*** Begin section ***

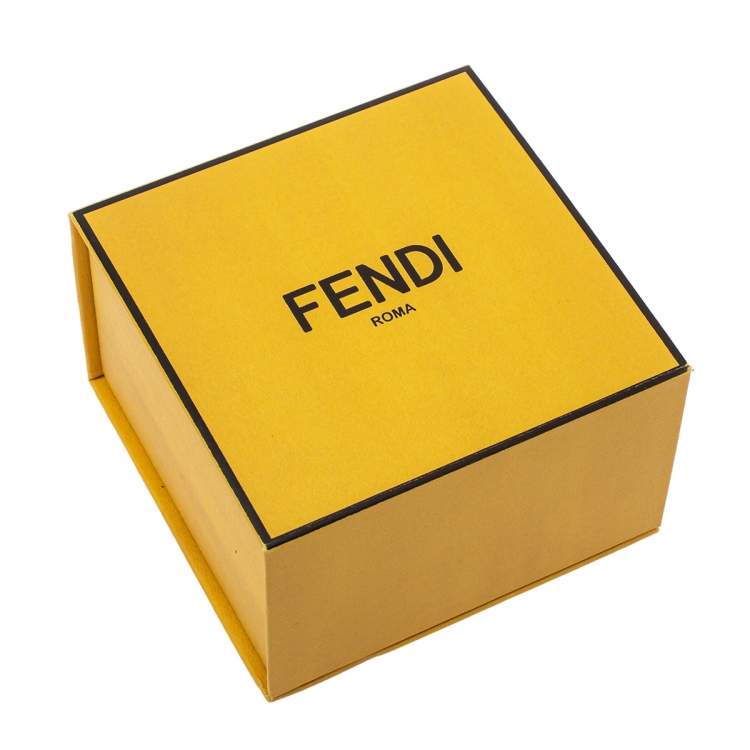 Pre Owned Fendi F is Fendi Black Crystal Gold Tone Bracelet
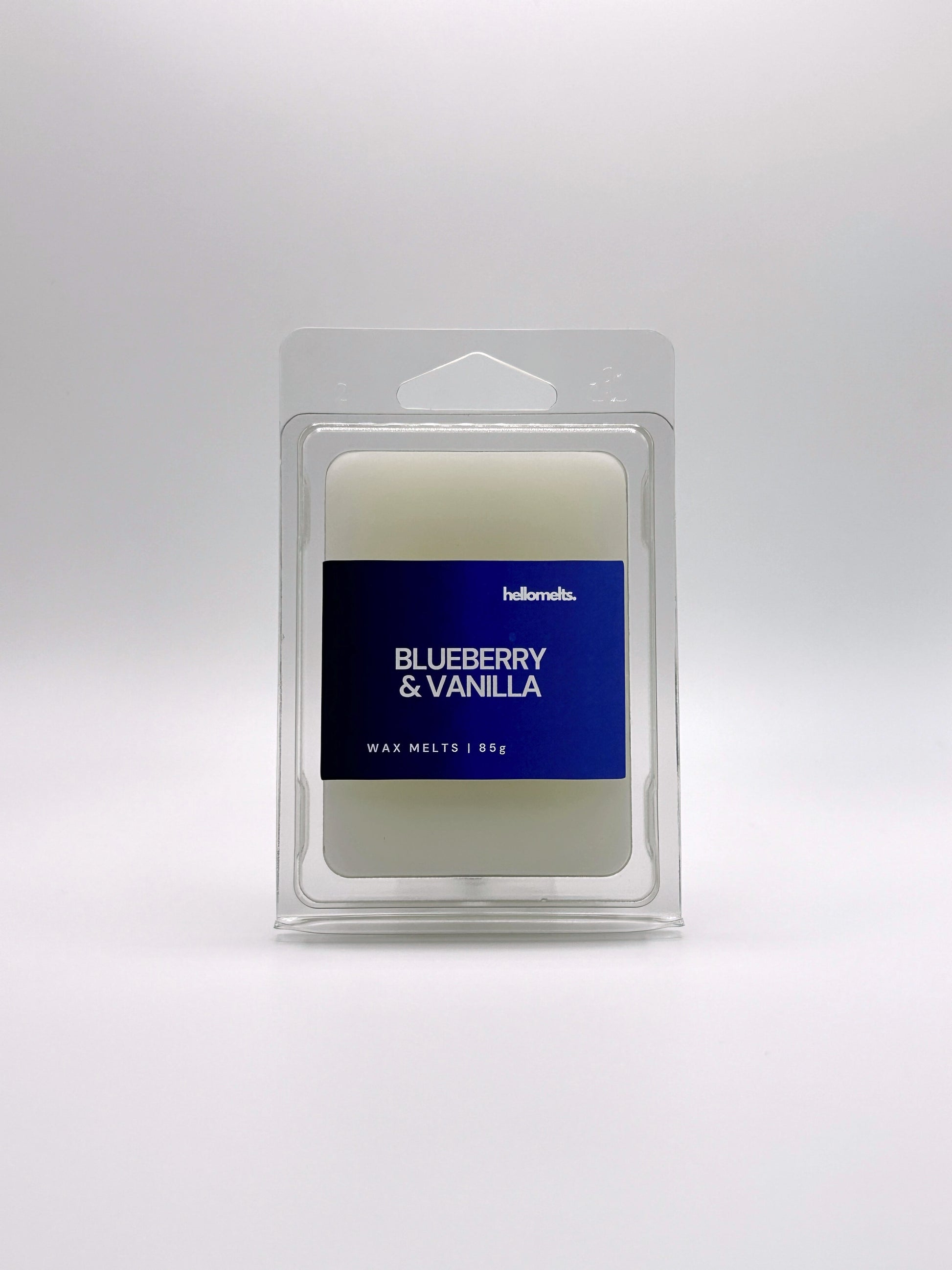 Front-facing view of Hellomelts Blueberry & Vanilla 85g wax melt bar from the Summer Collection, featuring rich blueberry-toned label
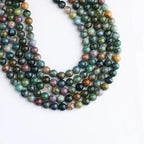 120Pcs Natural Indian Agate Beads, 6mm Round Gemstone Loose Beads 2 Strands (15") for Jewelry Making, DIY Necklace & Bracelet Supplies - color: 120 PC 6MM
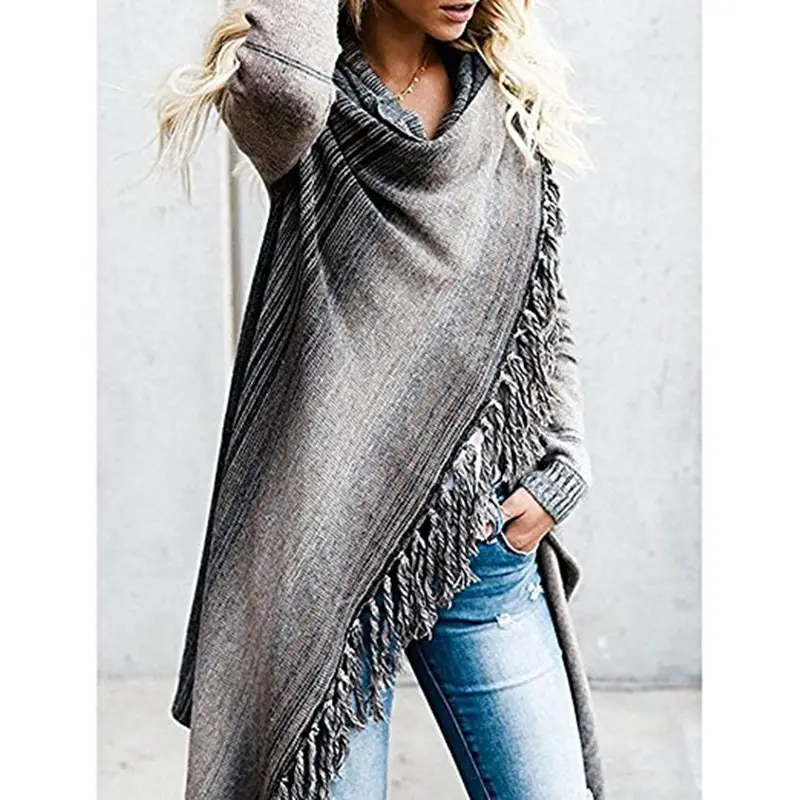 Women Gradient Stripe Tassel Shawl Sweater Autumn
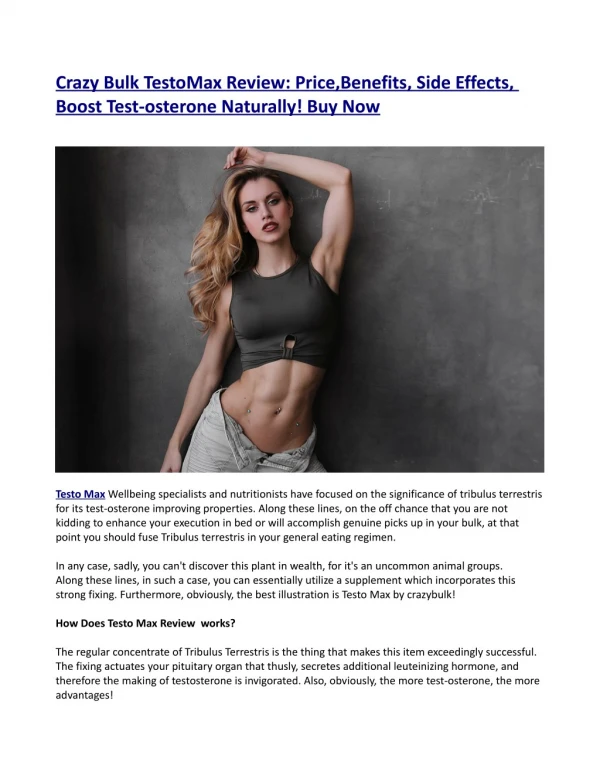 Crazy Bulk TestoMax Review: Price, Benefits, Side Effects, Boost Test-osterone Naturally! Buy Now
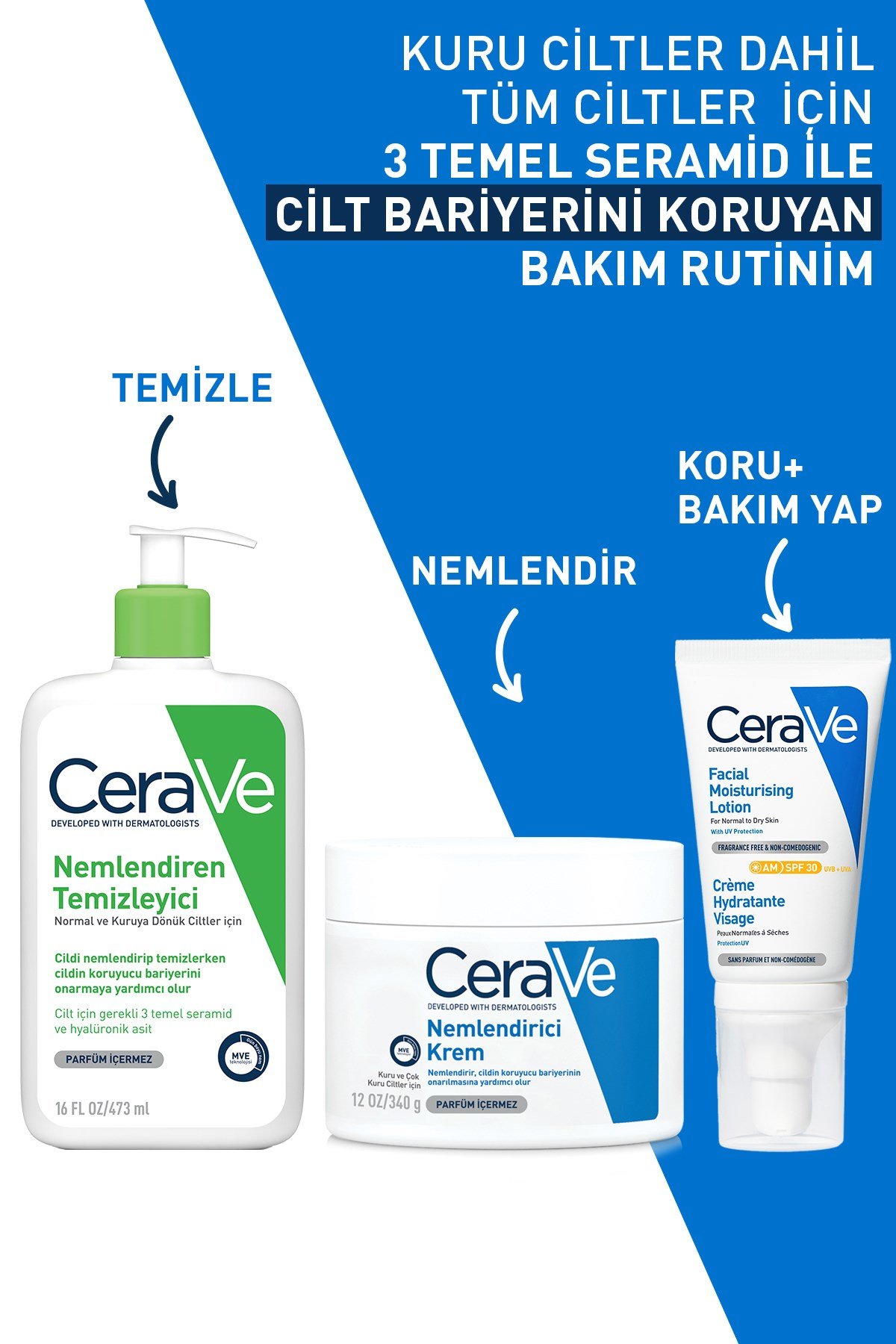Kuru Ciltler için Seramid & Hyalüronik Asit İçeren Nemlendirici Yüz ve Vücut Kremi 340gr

*** End section ***

About this exercise => Please write out the entire listing above exactly, but leave the pictures out.

Exercise solution =>
 Pre Owned Fendi F is Fendi Black Crystal Gold Tone Bracelet
 Front-facing view of Hellomelts Blueberry & Vanilla 85g wax melt bar from the Summer Collection, featuring rich blueberry-toned label
 120Pcs Natural Indian Agate Beads, 6mm Round Gemstone Loose Beads 2 Strands (15") for Jewelry Making, DIY Necklace & Bracelet Supplies - color: 120 PC 6MM
 Women Gradient Stripe Tassel Shawl Sweater Autumn
 Crazy Bulk TestoMax Review: Price, Benefits, Side Effects, Boost Test-osterone Naturally! Buy Now
Kuru Ciltler için Seramid & Hyalüronik Asit İçeren Nemlendirici Yüz ve Vücut Kremi 340gr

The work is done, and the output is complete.